[comp.unix.microport] --- GCC on an iAPX286

fortin@zap.UUCP (Denis Fortin) (04/11/88)

(I cross-posted to comp.lang.c since there are probably a number of people
 familiar with GCC there, but I am redirecting any follow-ups to
 comp.unix.microport since I guess a whole discussion on this might not
 be interesting to the comp.lang.c community at large :-)

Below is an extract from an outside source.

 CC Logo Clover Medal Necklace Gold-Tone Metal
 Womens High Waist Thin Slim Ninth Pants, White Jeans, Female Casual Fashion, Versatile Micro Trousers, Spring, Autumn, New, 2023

Recently there has been some talk in comp.unix.microport about getting
GCC (the Gnu C Compiler) running under Microport's System V/AT on an
iAPX286.  Most of the comments were fairly negative (!) saying in
essence that it couldn't really be done because of the '286
architecture. 

Well, I wonder about that.  But first, let me explain why I'm interested
in GCC: I like Microport's System V/AT.  I've had it close to a year now
and apart from a couple of (somewhat annoying!) bugs, it has served me
pretty well.  I've been able to run a lot of software off the net onto
it (news, MicroEmacs, compress, sc, smail, etc) and since it *is* a
System V, I generally don't have too many problems running stuff that is
not Berkley-specific. 

However, there is a class of software that I've consistently had trouble
with: the programs that like to make the (quite valid) assumption that
machines these days use 32-bit pointers and allow the use of large
arrays.  Some sample programs in this class are pathalias, compress, Gnu
Emacs, etc. 

Now, I realize that the basic architecture of the '286 is segmented and
that the '286 prefers to deal with 16-bit ints rather than the 32-bit
kind, but I can't see the big problem into emulating 32-bit ints (we
already have "longs" don't we?) and a flat address space (requires a bit
of arithmetic on the pointers, but still, that's possible).

All that is required in order for software to believe that the '286 is
a 32-bit machine is a C compiler that makes the hardware appear that
way.  Of course there would be a performance penalty to pay, but when
the choices are to either run a large program somewhat slowly or not
run it at all, I don't really think it matters all that much!  Besides,
those trusty little old Z-80s and 6502s in the 8-bit micros have been
emulating 16-bit integers on 8-bit machines for years (:-).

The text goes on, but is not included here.